Heseltine’s economy report is no solution


Alex Davidson, Manchester Central TUSC candidate
Alex Davidson, Manchester Central TUSC candidate 15 November 2012, photo Senan

Alex Davidson, Manchester Central TUSC candidate 15 November 2012, photo Senan

The end of October saw the publication of a report by former Tory minister Michael Heseltine on the economy.

Heseltine is infamous throughout the labour movement for his role in the 1980s Thatcher government. He oversaw an assault on social housing when environment minister, and was the man responsible for the final massacre of the coal industry as president of the Board of Trade in the early.

Heseltine’s recent report stated that the government “does not have a strategy for growth and wealth creation”, reflecting a growing panic among the ruling class.

The recent, heavily doctored ‘growth’ figures confirm that the government is desperately casting around for some ‘good news’.

Heseltine’s report recommends that the government uses £49 billion to “stimulate growth in the regions”. He also recommends that the government act as a stimulator for growth.

This echos much of what Chancellor George Osborne himself said about the “march of the makers” to replace lost jobs in the public sector.

In reality, manufacturing has continued its long-term decline throughout the Con-Dems’ two years in power.

Areas like Manchester have never recovered from the deindustrialisation carried out by Thatcher and Heseltine’s government.

The current government has no commitment to saving skilled manufacturing jobs, as shown by their attitude to mass layoffs proposed by Ford in Southampton and Dagenham.

Disgracefully, the Heseltine report was embraced by the Trades Union Congress and the New Labour front bench.

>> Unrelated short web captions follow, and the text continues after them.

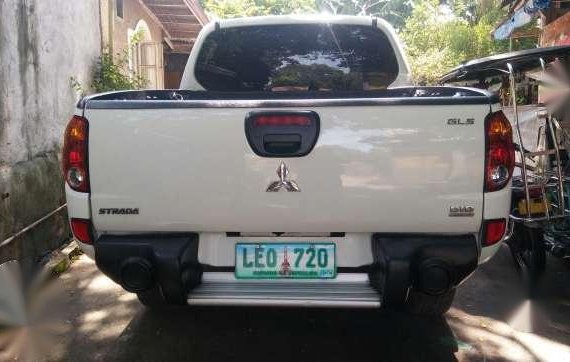 Very fresh Strada glx 4x2 Manual 2012 for sale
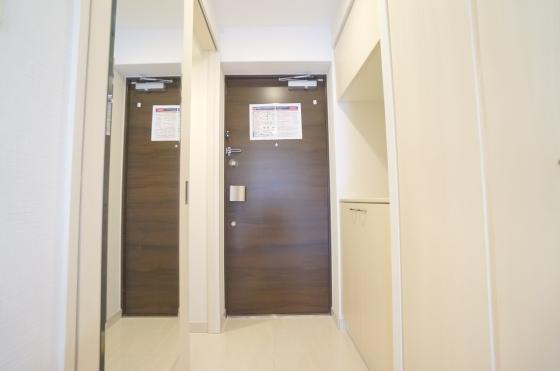 PHOENIX VILLA りんくうの玄関|きれいな玄関です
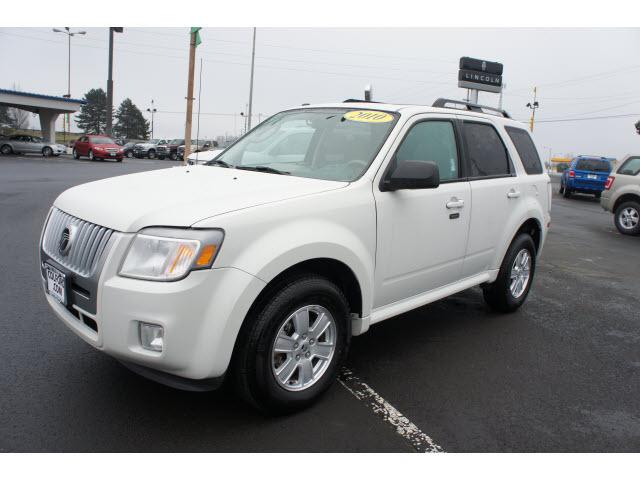 Photo of 2010 Mercury Mariner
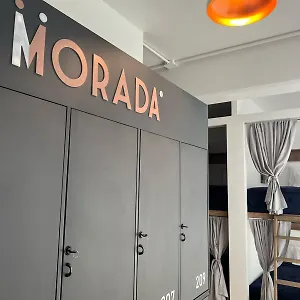 Pensión Morada, Heroica Puebla de Zaragoza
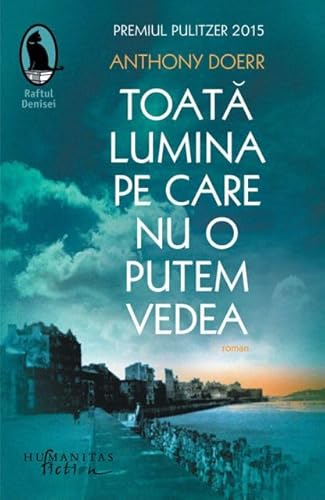 Cover of Toată lumina pe care nu o putem vedea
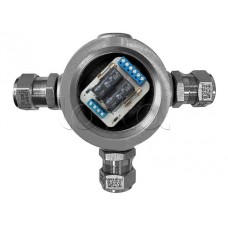 Магнито-Контакт УК-ВК-Ех-24 АЯКС Т, с тремя кабельными вводами Ех МКВМ 20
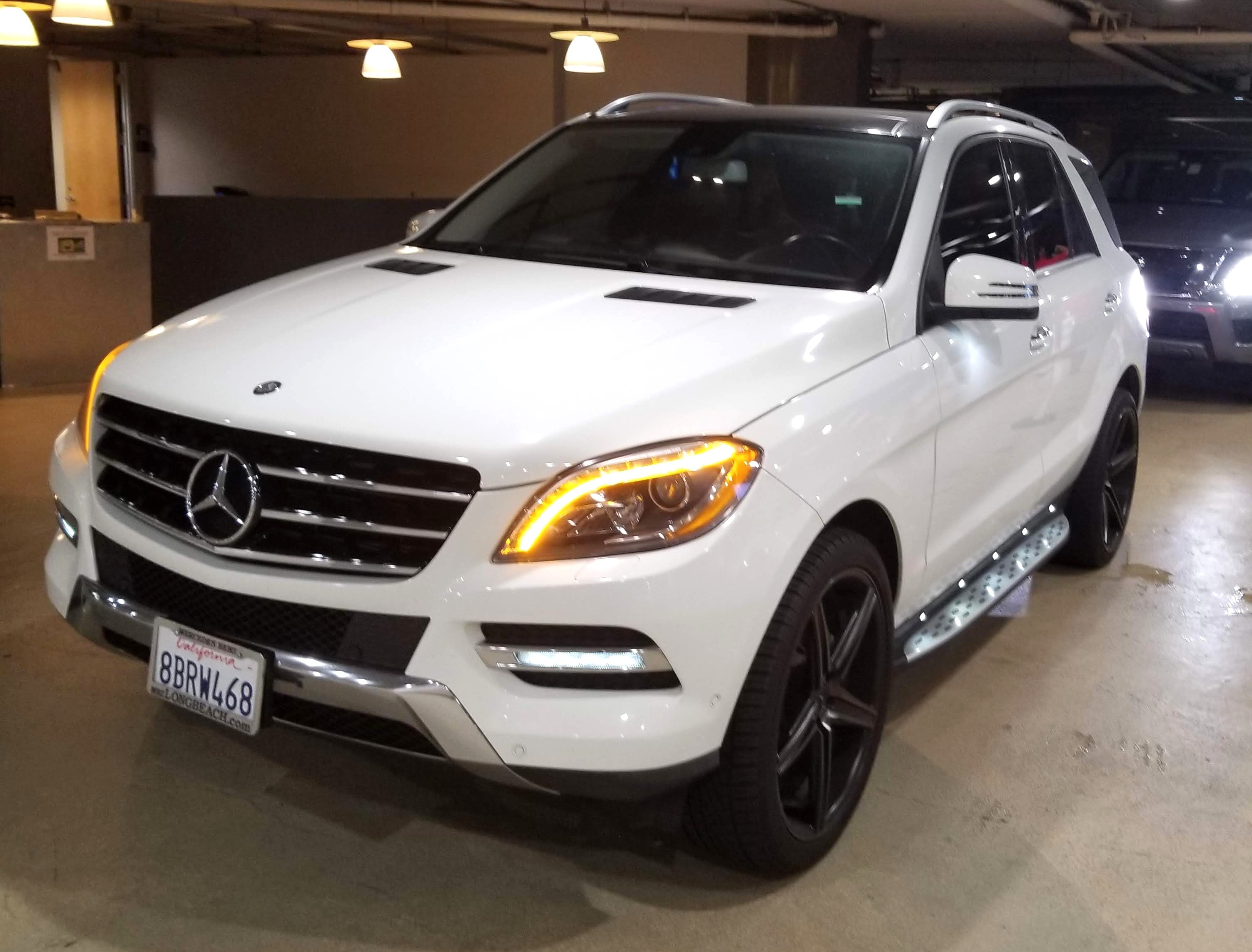 Used 2013 Mercedes-Benz ML 350 2WD image 1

If New Labour was serious about tackling the economic crisis, they would adopt the policy that has been embraced by unions like the Fire Brigades Union: nationalisation of the banks and the use of those resources to fund a meaningful programme of public works, such as the building of social housing and the upgrading of transport infrastructure.

But Labour will not put forward anything like this. That is why I am standing in the Manchester Central byelection.

As a Trade Unionist and Socialist Coalition candidate, I am supported by trade union militants who recognise that the working class needs their own party with a socialist programme – not one that embraces an anti-working class Tory Lord.